Heard the faint, urgent clamor of sandhill cranes far overhead. It took a while to spot them--they were half a mile high I'd guess, pulsating north in perfect Vs and Ws for a while, then encounting some invisible disturbance or uncertainty about the directions and breaking apart into a gyrating confused eddy, until a leader once again broke northward and and the throbbing string Vs and Ws resumed their northward ho! hurrah! sweep towards Canada. Idly I wonder how it feels to migrate north. Like hunger, or incompletion, or nostalgia, or something we can't imagine? Probably that.

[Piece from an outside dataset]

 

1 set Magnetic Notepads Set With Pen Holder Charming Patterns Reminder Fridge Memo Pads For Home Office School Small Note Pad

So away they go, following a flyway drawn in the lines of magnetic force, and soon they become a haze and then I can't find them anymore even with my 10x50 binoculars, but I think I still hear them.
This cheers me up.
Near Onion Creek a red-shouldered hawk circles over the still-bare hackberry trees, and blackbirds (female redwings, I think) erupt with a giant subsonic flutter that you can feel and seems much larger than the sound it makes.

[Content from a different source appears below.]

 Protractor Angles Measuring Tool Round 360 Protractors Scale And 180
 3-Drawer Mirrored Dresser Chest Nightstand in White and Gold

Beautiful day. No clouds, 65 degrees. Some of the more risk-oriented trees, like the cedar elm (ulmus crassifolia) are already putting out leaves, no doubt they would opt for private accounts. I see lots of deer tracks--one whitetail deer breaks cover with a sudden blowing noise like a porpoise surfacing that startles me, like it always does. Along the horse trails you can see lots of coyote turds, distinct from the common dog turd by its being matted with felted rodent fur. But no actual coyotes, or dogs, or horse riders are out today to share the trails. It's a workday, after all.